Lara era branca, dos cabelos lisos e vestia um top e shorts preto. Que os filhos saíssem como Adam. Pensei, lembrando dos traços dos Sandler sendo uma cópia escarrada um do outro, com os traços latinos.
— Não vou ficar de vela para adolescente não. — Digo desembalando a comida para comer.
— Sua hora vai chegar, daqui a pouco você arruma outro soldado. — Diz Adam sorrindo, mas além do sorriso, vejo algo diferente em seu rosto.
— O que é isso na sua cara? — Vou até ele e toco no inchaço nos lábios.
— Nada. — Ele diz afastando minha mão do seu rosto. — Trombei a boca na parede, meu dente ficou até bambo. — Diz balançando um dente da frente.
— Foi hilário. — Lara diz sorrindo.
— Toma cuidado, lerdo. — Digo organizando a mesa para o jantar. — Por que vocês não arrumaram a casa? — Olho ao redor da cozinha. Incrédula.
— É que nós estávamos ocupados. — Diz Adam com um sorriso malicioso, vindo para o meu lado, e roubando um pedaço da comida.
— Não me interessa, eu quero essa casa arrumada. — Falo, servindo a mesa e não sabendo lidar com o nervosismo do dia.
— Meu pai deixou eu dormir aqui, amanhã eu arrumo tudo. — Diz Lara me ajudando.
— A casa não é sua, Lara. Ele tem que aprender. — Digo ríspida.
— Tá bom, general, eu arrumo tudo amanhã bem cedinho. — Adam sorri, cedendo. — Mas não acha que você anda muito estressada? Está precisando transar.
— Uau. — Digo surpresa com a ousadia do moleque. — Você tem razão, eu preciso extravasar. — Então acerto um soco no seu braço.
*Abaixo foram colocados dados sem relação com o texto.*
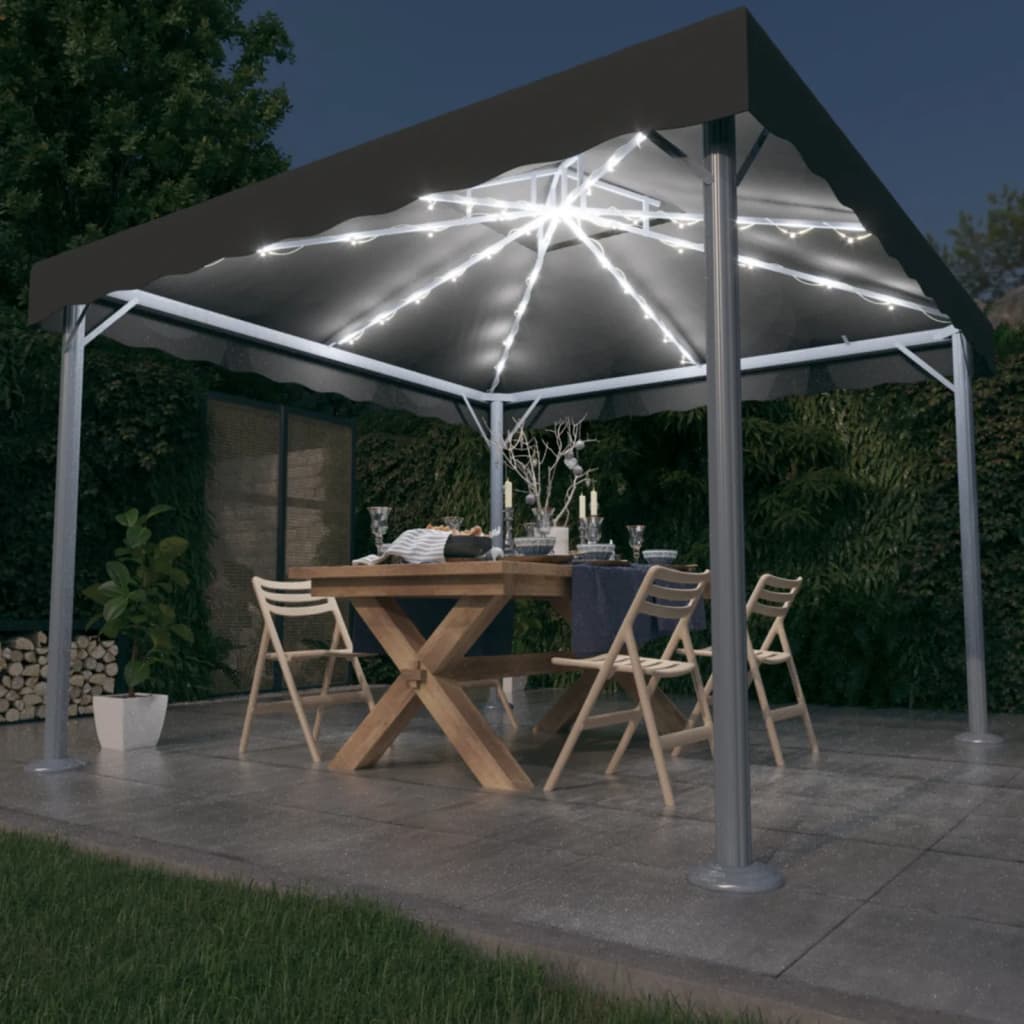 Paviljong Med Ljusslinga Led 300X300 Cm Aluminium
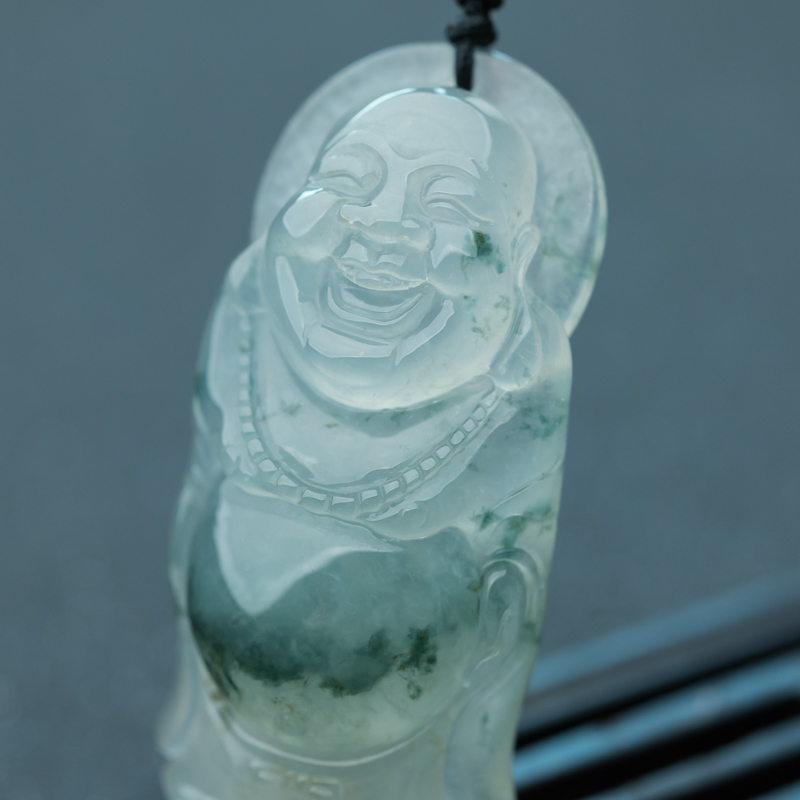 天然翡翠弥勒佛吊坠-红掌柜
— Aí, doeu. — Diz esfregando aonde eu o esmurrei.
— Fica esperto ou senão te acerto outro.
— Você não consegue. Você que me pegou desprevenido... — Lhe acerto outro soco na barriga.
— O quê? Desculpa, eu não ouvi direito? — Adam me empurra.
— Você quer brigar, né? Já vou avisando que vou te quebrar inteira. — Diz com cara de bravo, eu começo a rir.
— Vou arrancar o resto dos seus dentes. — Aponto uma colher para ele.
— E eu vou te deixar careca. — Fala ele com nojo.
— Vou chutar o seu saco e fazer as suas bolas saírem pela boca.
— Vocês vão brigar ou só vão ficar se xingando? — Se intromete Lara do outro lado da mesa, colocando fogo na fogueira.
— Xingando? — Me viro para Adam, fazendo-me de desentendida.
— A gente estava se declarando um para o outro. — Diz Adam inconformado. — E você atrapalhou tudo.
— Acho que ela tem que pagar por isso. — Digo me arrastando entre um dos lados da mesa.
—vamos acabar com ela.— diz adam a cercando do outro lado da mesa.
— Vocês nunca vão me pegar- ela diz engrossando a voz, e correndo na direção da sala. nos fazendo ir atrás dela.
Assim passamos aquela noite, nos divertindo desenfreadamente. Foi o último dia normal da minha vida, o último momento de felicidades ao lado do meu irmão. A última noite feliz daquele casal.
Pois o destino trabalha cruelmente. E o que ele havia reservado para nós três ninguém merecia viver. Mas vivemos e tivemos um final trágico.